Caladenia gladiolata, commonly known as small bayonet spider orchid, smelly socks or simply bayonet orchid is a plant in the orchid family Orchidaceae and is endemic to South Australia. It is a ground orchid with a single hairy leaf and one or two yellowish or brownish flowers with red stripes and unusual tips on the sepals and petals.

==Description==
Caladenia gladiolata is a terrestrial, perennial, deciduous, herb with an underground tuber and which has a single, hairy leaf, 30-80 mm long and 6-12 mm wide. One or two yellowish-green or brownish flowers with red markings and a strong, spicy odour are borne on a spike 40-150 mm tall. The sepals and petals have thick, flat, bayonet-shaped glandular tips 5-12 mm and curve downwards. The dorsal sepal is erect, 15-30 mm long, about 2 mm wide and curves forward. The lateral sepals are 15-30 mm long, about 3 mm wide and the petals are 12-20 mm long and 1-2 mm wide. The labellum is egg-shaped, 9-11 mm long and 8-9 mm wide with its end curving downwards. It is yellowish-green with a red tip and there are usually a few short teeth along its edges. There are four crowded rows of club-shaped, reddish-black calli along the centre line of the labellum. Flowering occurs from July to October.

==Taxonomy and naming==
Caladenia gladiolata was first formally described by Richard Sanders Rogers in 1907 and the description was published in Transactions, proceedings and report, Royal Society of South Australia. The specific epithet (gladiolatus) is derived from the Latin word gladius meaning "a sword".

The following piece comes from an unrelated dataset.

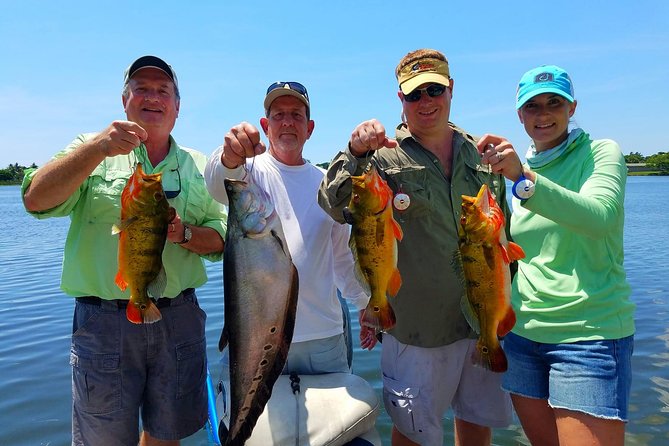 Peacock Bass Fishing Trips near Boca Raton - FAQs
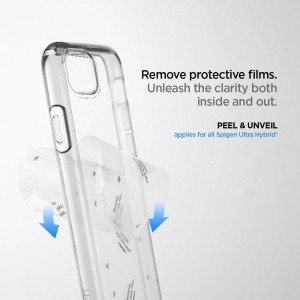 Spigen Ultra Hybrid tok iPhone 11 Pro áttetsző tok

==Distribution and habitat==
The small bayonet spider orchid occurs in the Flinders Ranges, Northern Lofty and Southern Lofty botanical regions of South Australia where it grows in shrubby or grassy woodland and forest in well-drained soil. It is currently only known from three or four populations.

==Conservation==
Caladenia gladiolata is listed as "endangered" under the Australian Government Environment Protection and Biodiversity Conservation Act 1999. The main threats to the species are weed invasion, grazing and lack of pollination.